Mahkemece, iddia, savunma ve toplanan kanıtlara göre, davacıların desteğinin yolcu olarak bulunduğu sigortalı aracın sürücüsünün kusurlu hareketleri sonucu başka bir araca çarptığı ve devrildiği, Hüseyin’in olayın şoku ile devrilen araçtan çıkması üzerine dava dışı aracın davalı şirkete sigortalı araca ve Hüseyin’e çarpması ile ortaya çıkan sonuçtan her iki aracın da müteselsilen sorumlu olduğu, hesaplanan tazminatın sigorta poliçesi limiti kapsamında kaldığı gerekçesi ile, davanın kabulüne 100.000,00 YTL’nin davalıdan tahsiline karar verilmiş, hüküm, davalı vekili tarafından temyiz edilmiştir.

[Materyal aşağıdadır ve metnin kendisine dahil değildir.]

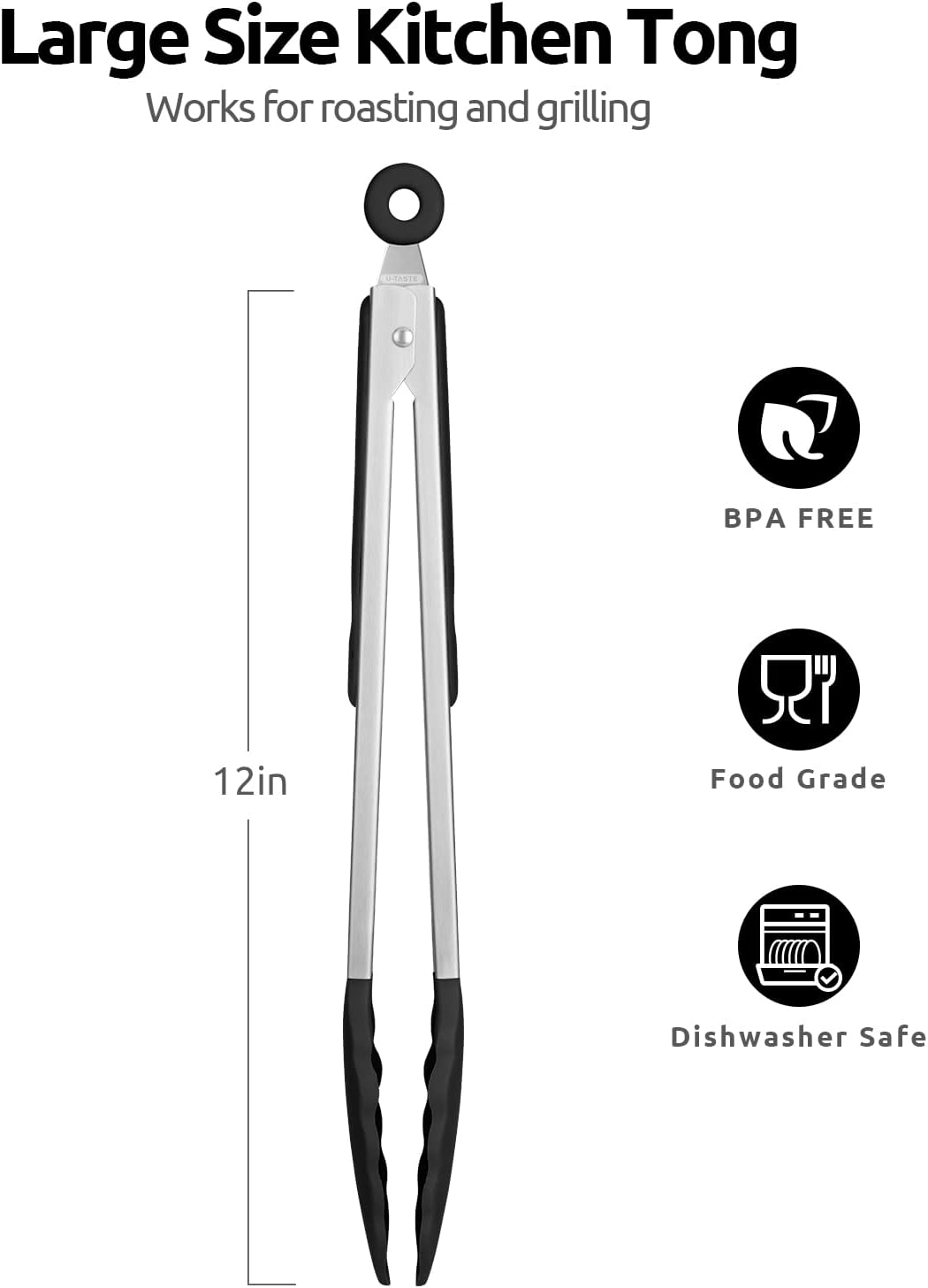 Heat Resistant Silicone Kitchen Tong: U-Taste 12 inch Large 480ºF Hot Proof Cooking Tong with Sturdy Non Stick Rubber Tips & Silicon Coated Steel Handle & Smooth Locking for Serving Grill Salad(Black)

1-Dava, araç yolcusunun ölümü nedeni ile trafik sigortasına karşı açılan destekten yoksun kalma tazminatı istemine ilişkindir.
Dava konusu zincirleme trafik kazasında, sigortalı araç önünde kaza yaparak duran araca çarpmış, davacıların desteği ... araçtan inmiş ve hemen sonrasında arkadan gelen araç ... ’a ve sigortalı araca çarpmıştır.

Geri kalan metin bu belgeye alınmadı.